After our jaunt to Devil's Tower and Prairie Dog town, we made our way to South Dakota. Mt. Rushmore is one of the sites I've wanted to see since I was a kid, from looking at encyclopedias and from the Alfred Hitchcock film "North by Northwest." More recently, my interest was piqued by "National Treasure: Book of Secrets," though I'm pretty sure that there is no city of gold buried beneath it.
We arrived in mid-afternoon in Keystone, South Dakota, which is sort of a cowboy-presidential themepark of a town. We checked into Rushmore Express, a comfortable motel about two miles from Mt. Rushmore. After a big meat extravaganza dinner at the Powder House Lodge, we made our way to the historic site.
On the road up to the entrance, you can see the giant presidential head carvings after you turn a certain bend. It reminded me of seeing the Pyramids in Egypt looming over the horizon, like something incongruous and out of place in the surrounding woods. The sun was starting to hang low in the horizon. We parked the car in the multi-level parking structure and headed up to the visitors center.
The giant heats of the four presidents--Washington, Jefferson, Roosevelt, and Lincoln--loomed above the granite mini-mall of gift shops, visitor information centers, and restaurants. You walk through two rows of stone pillars featuring the flags of the fifty states to get to the prime viewing platform. Below that is a large amphitheatre with a stage at the base of the mountain.

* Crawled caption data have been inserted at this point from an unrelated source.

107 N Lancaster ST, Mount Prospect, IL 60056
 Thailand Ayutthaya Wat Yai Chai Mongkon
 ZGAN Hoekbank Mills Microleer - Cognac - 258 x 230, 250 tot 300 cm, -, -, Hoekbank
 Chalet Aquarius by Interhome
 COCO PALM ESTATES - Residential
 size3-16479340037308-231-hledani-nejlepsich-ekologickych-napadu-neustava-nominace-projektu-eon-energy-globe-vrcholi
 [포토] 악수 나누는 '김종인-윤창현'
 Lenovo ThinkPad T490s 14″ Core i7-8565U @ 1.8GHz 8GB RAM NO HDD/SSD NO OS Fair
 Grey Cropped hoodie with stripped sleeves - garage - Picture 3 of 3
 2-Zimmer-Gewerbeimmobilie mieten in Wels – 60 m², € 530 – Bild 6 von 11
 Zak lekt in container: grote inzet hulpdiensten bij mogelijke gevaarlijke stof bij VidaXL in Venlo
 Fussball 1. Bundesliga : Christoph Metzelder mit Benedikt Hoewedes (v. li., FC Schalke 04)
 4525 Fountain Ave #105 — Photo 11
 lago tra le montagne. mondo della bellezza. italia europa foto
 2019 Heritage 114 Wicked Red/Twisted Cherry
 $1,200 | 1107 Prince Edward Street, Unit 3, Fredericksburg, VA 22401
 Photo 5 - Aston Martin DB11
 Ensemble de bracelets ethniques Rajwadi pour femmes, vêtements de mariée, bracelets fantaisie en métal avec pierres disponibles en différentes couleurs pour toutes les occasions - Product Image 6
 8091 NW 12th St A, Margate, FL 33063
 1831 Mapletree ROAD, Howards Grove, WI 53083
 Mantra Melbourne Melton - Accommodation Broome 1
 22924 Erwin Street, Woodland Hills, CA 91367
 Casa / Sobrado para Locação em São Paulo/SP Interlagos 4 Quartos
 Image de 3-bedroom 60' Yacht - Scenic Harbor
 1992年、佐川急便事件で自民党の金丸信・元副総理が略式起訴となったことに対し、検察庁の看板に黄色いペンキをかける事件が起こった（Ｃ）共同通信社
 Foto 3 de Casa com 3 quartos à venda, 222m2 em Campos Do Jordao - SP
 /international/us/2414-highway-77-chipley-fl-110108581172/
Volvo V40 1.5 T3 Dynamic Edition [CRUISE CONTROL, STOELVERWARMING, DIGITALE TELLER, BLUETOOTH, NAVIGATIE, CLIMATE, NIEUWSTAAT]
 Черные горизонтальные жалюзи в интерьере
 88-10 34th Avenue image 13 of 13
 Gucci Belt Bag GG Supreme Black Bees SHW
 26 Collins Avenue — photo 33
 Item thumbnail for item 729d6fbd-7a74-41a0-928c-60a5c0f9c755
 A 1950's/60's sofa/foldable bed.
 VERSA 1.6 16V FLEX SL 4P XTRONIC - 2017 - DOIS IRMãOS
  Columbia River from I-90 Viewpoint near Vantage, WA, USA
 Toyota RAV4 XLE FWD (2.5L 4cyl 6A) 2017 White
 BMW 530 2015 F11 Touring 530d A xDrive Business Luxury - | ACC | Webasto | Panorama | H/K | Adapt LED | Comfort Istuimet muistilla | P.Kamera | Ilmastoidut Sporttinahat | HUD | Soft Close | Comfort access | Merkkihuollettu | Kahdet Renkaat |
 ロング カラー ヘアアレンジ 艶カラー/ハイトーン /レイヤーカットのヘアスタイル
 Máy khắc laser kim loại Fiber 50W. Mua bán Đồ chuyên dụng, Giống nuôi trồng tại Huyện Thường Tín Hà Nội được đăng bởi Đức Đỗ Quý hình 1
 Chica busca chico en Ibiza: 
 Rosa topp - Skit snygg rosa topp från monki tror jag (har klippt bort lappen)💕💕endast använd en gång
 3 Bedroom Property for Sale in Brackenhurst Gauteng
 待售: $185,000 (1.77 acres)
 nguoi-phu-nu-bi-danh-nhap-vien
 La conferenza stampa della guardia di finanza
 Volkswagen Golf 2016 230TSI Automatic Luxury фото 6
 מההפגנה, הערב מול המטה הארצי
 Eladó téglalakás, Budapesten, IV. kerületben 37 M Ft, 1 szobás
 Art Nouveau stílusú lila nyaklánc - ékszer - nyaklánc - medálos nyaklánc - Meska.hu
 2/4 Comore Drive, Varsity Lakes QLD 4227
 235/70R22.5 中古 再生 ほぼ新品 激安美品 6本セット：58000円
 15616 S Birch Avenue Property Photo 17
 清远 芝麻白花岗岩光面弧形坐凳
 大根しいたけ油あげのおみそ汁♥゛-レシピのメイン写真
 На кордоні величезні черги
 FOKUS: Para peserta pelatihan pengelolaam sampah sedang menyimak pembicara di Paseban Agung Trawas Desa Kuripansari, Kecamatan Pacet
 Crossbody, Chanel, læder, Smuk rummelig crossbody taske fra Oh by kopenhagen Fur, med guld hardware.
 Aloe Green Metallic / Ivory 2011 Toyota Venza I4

We arrived just in time for the Evening Lighting Ceremony, which featured a young woman in a park ranger outfit named Summer leading the crowd in a game of presidential trivia. Her long, wavy, strawberry blonde hair flowed out from under her Smokey the Bear hat, and she seemed sweet. After the trivia game, she showed a file about the President's featured on Mt. Rushmore. After that, she told the story of the writing of the "Star Spangled Banner", reciting the first three verses from memory, and then singing the familiar stanza in a high, operatic voice. I wasn't sure if I was at a national park or a Miss Teen Park Ranger pageant at this point. She seemed sweet and earnest, and really seemed to enjoy her job as Ranger bunny.